La COBU a également restauré les montants prévus par l'APB pour la rubrique 2 « Gestion et conservation des ressources naturelles », voire à les dépasser s'agissant du développement rural (+ 898 millions d'euros en crédits de paiement) et le programme environnemental LIFE+ (+ 131 millions d'euros en crédits de paiement). Ont en outre été approuvées trois initiatives nouvelles financées par la marge sous plafond de la rubrique. Ces initiatives concernent la création d'un fonds pour la restructuration dans le secteur laitier et pour la préparation et l'accompagnement de la suppression des quotas (600 millions d'euros), le financement de mesures contre le changement climatique (15 millions d'euros en crédits de paiement), ainsi que la création d'un instrument financier pour l'adaptation de la flotte de pêche aux conséquences de la hausse du prix du carburant , non doté de crédits.
Les montants de l'APB ont en outre été globalement rétablis au sein des rubriques 3a « Liberté, sécurité et justice », 3b « Citoyenneté » et 5 « Administration ».
Au total, votre rapporteur spécial observe que c'est à nouveau la rubrique 4 « Actions extérieures » qui fera l'objet des négociations les plus âpres entre les deux branches de l'autorité budgétaire , rubrique dont le Parlement européen estime qu'elle est chroniquement sous-dotée. Au sein de cette rubrique, la COBU a notamment adopté un amendement dit « astérisque », soit au-delà du plafond des perspectives financières, sous lequel elle a regroupé les principales priorités du Parlement européen en matière d'action extérieure.
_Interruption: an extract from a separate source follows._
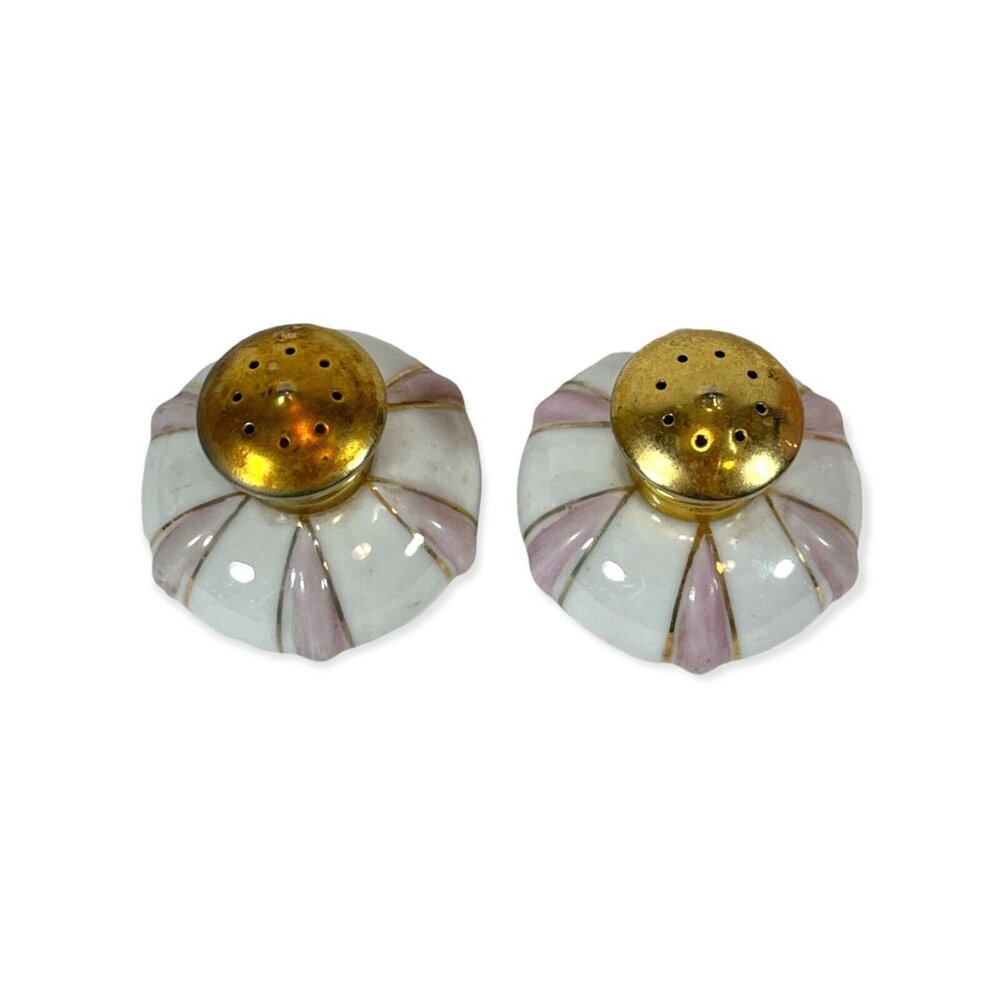 Vintage An Trice Gold Trimmed Porcelain Salt and Pepper Shakers - Picture 4 of 6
Cet amendement prévoit notamment 250 millions d'euros pour la facilité alimentaire, une augmentation de 80 millions d'euros des crédits en faveur de la Palestine, 20 millions d'euros pour l'Afghanistan et 40 millions d'euros pour le Kosovo 14 ( * ) .
* 9 Il en résulte une marge sous plafond de 2,6 milliards d'euros.
* 10 Dans sa contribution finale au rapport général, et dans le prolongement des travaux de contrôle qu'il a menés conjointement avec ses collègues Philippe Adnot et Christian Gaudin, rapporteurs spéciaux de la mission « Recherche et enseignement supérieur », votre rapporteur spécial consacrera des développements plus détaillés au financement et à la gouvernance de la politique européenne de recherche.
* 11 Les crédits de convergence destinés aux nouveaux Etats membres sont majorés de 50 millions d'euros et les crédits de l'objectif « Compétitivité régionale et emploi » à destination des anciens Etats membres sont minorés de 300 millions d'euros.
* 12 Dont 244 millions d'euros initialement dévolus à la réserve pour aide d'urgence, qui n'a vocation à être abondée que par redéploiements en gestion.
* 13 Une présentation des détaillée des évolutions de crédits par rubrique budgétaire figure dans le jaune « Relations financières avec l'Union européenne » annexé au projet de loi de finances pour 2009.
* 14 A ce stade, un financement de ces priorités par l'instrument de flexibilité n'est toutefois pas exclu.